Saga is sitting with a Commissioner Lowe, in a conference room with a wall to wall blue and yellow carpet.

Saga has apologised and explained that she didn’t see anyone waiting for her at the airport, and that she assumed they would be meeting up after her visit to the treatment centre.

Since her visit to the rehab centre Saga has called Joona more than ten times, but his phone has been switched off.

It’s evening now, and the office is almost empty. A detective from Washington comes into the conference room and puts her bag down on the table. The short woman with black eyes and plaited hair has a deep furrow across her brow.

‘Special Agent López,’ she says in English, without a trace of a smile.

‘Saga Bauer.’

They shake hands and López unbuttons her jacket.

‘Our acting Defence Secretary was murdered in Sweden because you and your colleagues did such a terrible job.’

‘I’m sorry about that,’ Saga says.

‘What can you tell me about the terrorists?’ López asks, leaning back in her chair.

‘Speaking personally, I don’t think we’re dealing with terrorists. But obviously we’re following all possible lines of inquiry.’



López raises her eyebrows sceptically.

‘Such as coming here?’

‘Yes.’

‘What did you find?’

‘It’s way above my pay-grade to determine the extent to which I can share information—’

‘I don’t give a damn about that,’ López interrupts.

‘I need to speak to my boss,’ Saga says.

‘Go ahead.’

Saga gets out her phone and tries Joona again, and this time the call goes through.

‘Joona.’

‘At last,’ she says in Swedish.

‘Have you been trying to call?’ he asks.

‘I’ve left messages.’

‘My phone got wet,’ Joona explains.

Saga looks at the whiteboard containing the erased remnants of red, green and blue writing as she explains that she, as a Security Police agent, absolutely can’t tell him that Grace was subjected to a brutal gang rape in the Rabbit Hole.

‘She remembers the names of the perpetrators … William, Teddy Johnson, Kent, Lawrence and Rex Müller.’

‘Rex Müller?’ Joona says. ‘She named him?’

‘Yes,’ Saga replies, and smiles at López, who stares back at her blankly.

‘Which means that Rex has been identified both as a rapist and the man who’s avenging the rape.’

‘What? What are you talking about?’ Saga asks.

‘I’ve arrested Oscar von Creutz … I want to question him again, but he told me what happened and it’s pretty clear that Rex wasn’t part of it,’ Joona says. ‘They locked him in the stable while they raped his girlfriend. Oscar’s convinced that Rex is the person who’s started taking revenge on them.’

‘So Rex didn’t participate in the rape?’ Saga says.

‘No.’

López digs around in her bag and takes out dark lipstick.



‘And you don’t think he’s the murderer?’ Saga says.

‘He’s got enough money to pay someone to do it for him, but …’

‘None of this feels right,’ Saga concludes.

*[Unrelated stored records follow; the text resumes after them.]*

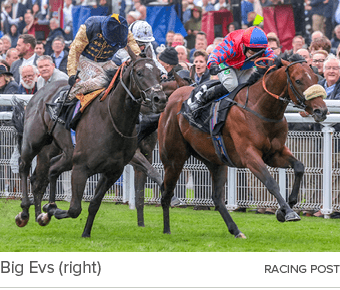 Big Evs (right) racing pos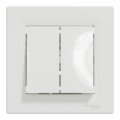 Вимикач двоклавішний Schneider Electric Asfora Білий (EPH0300121)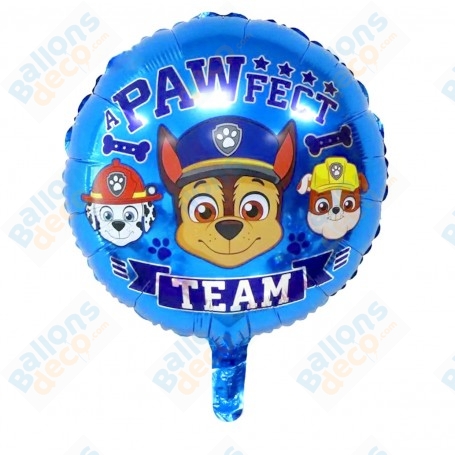 Ballon Pat Patrouille la Team Disney, décoration ballons anniversaire.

‘The murders have to be about what happened in the Rabbit Hole,’ Joona says. ‘We’ve got a spree killer who’s murdering the rapists one by one.’

‘But why?’

‘He must have been there.’

‘A witness?’

‘Something else,’ he says. ‘Something else must have happened, something we don’t know about, some unknown factor, a third element.’

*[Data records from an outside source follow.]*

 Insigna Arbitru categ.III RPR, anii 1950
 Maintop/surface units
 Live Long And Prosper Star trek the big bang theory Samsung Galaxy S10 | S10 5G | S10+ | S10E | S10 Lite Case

‘Who could it be?’ she asks.

‘We’ve got a victim and the perpetrators … but something’s missing.’

‘What?’

‘That’s what we need to find out.’

‘I’ll talk to Grace, and you talk to Rex and Oscar,’ Saga says.

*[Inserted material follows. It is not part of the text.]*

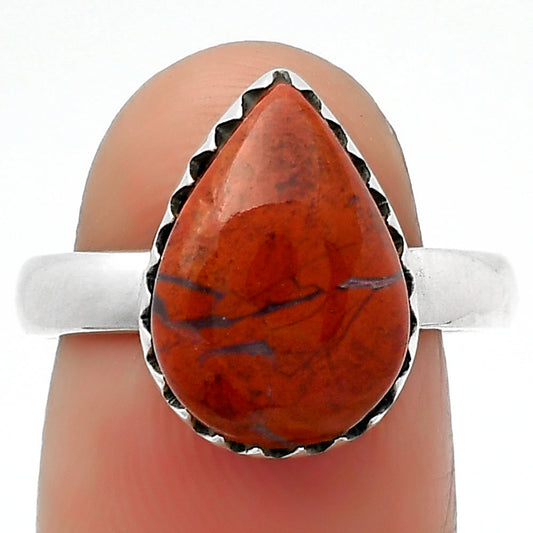 Natural Red Moss Agate Ring size-8 R-1210 SDR161528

‘There’s no time to lose.’

Saga ends the call, puts her phone in her pocket and turns back towards López with a smile.

‘My boss says he’ll contact you tomorrow,’ she explains.

‘I understand Swedish,’ López says coolly in English.

‘Then you already know that,’ Saga replies, and gets up from her chair.

The corner of López’s mouth twitches at her own bluff, then she nods.

‘Your boss is going to say that you should tell us everything you know.’

‘I hope so,’ Saga says.

‘I’ll pick you up from your hotel after breakfast.’

‘Thanks,’ Saga says, and walks out of the conference room.

On the ground floor she hands her visitor’s badge back in at reception, then gets into her yellow car and starts to drive back to the exclusive rehab centre.

The traffic in the suburbs has died down and the rainy Chicago sky looks like dark-grey clay by the time Saga parks the car on Timberline Drive.



Five hundred metres away she can see the lights in the security lodge and the closed gates glinting in the floodlights’ sharp glare.

Visiting hours are long over, and the patients are probably all in bed.